— Required work —
Where the records below reach the line containing "Reservoir in Winter", start transcribing, and end with the line containing "Diamond Glitter Artwork", exactly and with nothing else added.

Records from a data source:
++++

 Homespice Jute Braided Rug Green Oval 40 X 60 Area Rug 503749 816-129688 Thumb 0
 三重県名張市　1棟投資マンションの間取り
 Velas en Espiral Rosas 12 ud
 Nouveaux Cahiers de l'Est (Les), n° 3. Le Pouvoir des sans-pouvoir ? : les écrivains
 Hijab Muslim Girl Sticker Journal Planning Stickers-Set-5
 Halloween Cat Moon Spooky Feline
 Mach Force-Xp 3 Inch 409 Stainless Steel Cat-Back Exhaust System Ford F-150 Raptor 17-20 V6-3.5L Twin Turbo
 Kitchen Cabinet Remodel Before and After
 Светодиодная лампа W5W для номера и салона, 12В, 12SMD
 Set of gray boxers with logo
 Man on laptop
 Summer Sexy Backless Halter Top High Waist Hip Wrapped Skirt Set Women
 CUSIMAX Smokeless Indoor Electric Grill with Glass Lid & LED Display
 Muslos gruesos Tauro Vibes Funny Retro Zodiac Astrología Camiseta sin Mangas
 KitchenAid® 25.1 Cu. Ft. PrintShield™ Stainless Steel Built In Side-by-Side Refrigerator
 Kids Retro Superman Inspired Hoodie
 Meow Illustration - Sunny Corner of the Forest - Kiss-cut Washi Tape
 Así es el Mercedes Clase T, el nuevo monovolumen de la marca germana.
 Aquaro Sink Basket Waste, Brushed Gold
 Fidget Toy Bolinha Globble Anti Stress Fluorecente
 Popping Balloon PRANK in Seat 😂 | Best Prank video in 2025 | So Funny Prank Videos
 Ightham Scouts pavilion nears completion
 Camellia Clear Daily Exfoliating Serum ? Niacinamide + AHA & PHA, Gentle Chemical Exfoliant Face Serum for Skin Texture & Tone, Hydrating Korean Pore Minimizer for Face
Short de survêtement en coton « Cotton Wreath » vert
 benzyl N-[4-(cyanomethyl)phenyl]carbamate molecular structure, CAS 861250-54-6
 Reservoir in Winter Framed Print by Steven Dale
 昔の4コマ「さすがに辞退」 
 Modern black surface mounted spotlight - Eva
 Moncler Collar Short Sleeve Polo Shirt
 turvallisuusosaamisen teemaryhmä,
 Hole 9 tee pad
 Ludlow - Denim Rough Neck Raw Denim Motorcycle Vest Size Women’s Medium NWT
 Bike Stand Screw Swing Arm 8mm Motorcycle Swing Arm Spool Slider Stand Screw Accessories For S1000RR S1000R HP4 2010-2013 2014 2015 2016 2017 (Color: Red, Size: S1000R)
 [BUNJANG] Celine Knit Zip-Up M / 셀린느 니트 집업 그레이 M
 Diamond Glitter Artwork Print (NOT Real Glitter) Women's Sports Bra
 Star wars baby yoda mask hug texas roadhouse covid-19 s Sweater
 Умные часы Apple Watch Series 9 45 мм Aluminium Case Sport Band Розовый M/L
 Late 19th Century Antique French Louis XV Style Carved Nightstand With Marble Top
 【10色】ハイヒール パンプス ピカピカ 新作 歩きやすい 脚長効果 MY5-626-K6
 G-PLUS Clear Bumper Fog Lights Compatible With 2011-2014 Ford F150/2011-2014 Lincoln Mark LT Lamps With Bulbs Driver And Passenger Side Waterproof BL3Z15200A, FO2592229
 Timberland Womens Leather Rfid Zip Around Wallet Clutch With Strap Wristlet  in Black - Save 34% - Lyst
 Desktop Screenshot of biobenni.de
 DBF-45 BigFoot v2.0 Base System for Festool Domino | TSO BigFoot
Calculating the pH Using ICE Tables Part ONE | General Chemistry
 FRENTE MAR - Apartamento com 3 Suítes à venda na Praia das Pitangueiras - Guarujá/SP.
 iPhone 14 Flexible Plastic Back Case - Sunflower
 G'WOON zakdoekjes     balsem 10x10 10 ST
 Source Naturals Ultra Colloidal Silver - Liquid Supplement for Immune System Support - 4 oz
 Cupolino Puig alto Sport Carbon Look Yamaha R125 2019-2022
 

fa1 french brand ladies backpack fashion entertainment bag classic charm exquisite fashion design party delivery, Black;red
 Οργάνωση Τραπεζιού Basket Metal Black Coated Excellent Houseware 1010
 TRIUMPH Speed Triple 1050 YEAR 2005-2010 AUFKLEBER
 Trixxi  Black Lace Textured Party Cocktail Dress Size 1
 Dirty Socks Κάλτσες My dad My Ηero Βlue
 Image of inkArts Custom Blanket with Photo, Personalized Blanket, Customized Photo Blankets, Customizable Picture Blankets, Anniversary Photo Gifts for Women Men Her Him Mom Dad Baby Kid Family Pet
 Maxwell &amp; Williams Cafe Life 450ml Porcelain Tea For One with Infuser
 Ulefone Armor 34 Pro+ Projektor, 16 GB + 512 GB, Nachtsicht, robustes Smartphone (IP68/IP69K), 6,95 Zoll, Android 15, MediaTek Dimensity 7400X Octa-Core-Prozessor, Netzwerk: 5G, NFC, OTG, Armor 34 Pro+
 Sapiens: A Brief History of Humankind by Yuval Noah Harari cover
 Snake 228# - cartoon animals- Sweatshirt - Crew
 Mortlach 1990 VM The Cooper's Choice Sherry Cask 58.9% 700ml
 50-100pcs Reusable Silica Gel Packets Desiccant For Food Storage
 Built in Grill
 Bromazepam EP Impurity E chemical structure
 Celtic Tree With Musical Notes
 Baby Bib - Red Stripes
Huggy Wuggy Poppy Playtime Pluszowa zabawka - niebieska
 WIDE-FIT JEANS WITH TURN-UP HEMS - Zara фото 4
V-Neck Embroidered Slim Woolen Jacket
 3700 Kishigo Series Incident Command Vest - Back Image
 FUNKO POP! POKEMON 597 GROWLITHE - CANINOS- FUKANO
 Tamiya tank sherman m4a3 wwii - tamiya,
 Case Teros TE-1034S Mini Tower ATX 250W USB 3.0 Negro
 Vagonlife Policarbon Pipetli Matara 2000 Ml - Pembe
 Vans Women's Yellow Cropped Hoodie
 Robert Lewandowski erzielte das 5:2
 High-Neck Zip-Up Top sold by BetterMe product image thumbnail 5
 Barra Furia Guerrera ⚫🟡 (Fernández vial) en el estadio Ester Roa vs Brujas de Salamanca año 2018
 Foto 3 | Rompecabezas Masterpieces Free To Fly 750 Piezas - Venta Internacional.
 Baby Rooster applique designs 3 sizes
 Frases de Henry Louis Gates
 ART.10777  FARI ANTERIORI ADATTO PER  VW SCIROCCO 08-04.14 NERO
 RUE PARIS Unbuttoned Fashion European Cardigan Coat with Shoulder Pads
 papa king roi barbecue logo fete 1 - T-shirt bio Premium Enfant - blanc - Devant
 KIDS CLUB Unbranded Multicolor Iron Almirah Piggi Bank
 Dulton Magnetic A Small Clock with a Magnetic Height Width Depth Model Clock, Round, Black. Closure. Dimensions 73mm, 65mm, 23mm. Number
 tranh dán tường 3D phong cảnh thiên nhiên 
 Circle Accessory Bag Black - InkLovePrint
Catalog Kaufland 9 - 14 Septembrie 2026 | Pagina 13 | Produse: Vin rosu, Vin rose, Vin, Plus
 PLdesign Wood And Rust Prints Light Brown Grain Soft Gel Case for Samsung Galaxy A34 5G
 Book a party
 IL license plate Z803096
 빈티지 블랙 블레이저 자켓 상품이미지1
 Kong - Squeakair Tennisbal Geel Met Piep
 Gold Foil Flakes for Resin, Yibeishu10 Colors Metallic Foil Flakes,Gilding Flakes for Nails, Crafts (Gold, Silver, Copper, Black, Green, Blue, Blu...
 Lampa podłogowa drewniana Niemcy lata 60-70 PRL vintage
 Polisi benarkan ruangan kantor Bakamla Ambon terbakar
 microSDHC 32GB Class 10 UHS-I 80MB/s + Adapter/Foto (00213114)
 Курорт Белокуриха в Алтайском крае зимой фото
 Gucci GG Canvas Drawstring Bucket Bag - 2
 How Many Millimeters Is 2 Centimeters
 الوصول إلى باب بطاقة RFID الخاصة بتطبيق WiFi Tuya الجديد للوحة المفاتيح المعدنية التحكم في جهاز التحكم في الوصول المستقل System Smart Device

++++

— Solution to this exercise —
 Reservoir in Winter Framed Print by Steven Dale
 昔の4コマ「さすがに辞退」 
 Modern black surface mounted spotlight - Eva
 Moncler Collar Short Sleeve Polo Shirt
 turvallisuusosaamisen teemaryhmä,
 Hole 9 tee pad
 Ludlow - Denim Rough Neck Raw Denim Motorcycle Vest Size Women’s Medium NWT
 Bike Stand Screw Swing Arm 8mm Motorcycle Swing Arm Spool Slider Stand Screw Accessories For S1000RR S1000R HP4 2010-2013 2014 2015 2016 2017 (Color: Red, Size: S1000R)
 [BUNJANG] Celine Knit Zip-Up M / 셀린느 니트 집업 그레이 M
 Diamond Glitter Artwork Print (NOT Real Glitter) Women's Sports Bra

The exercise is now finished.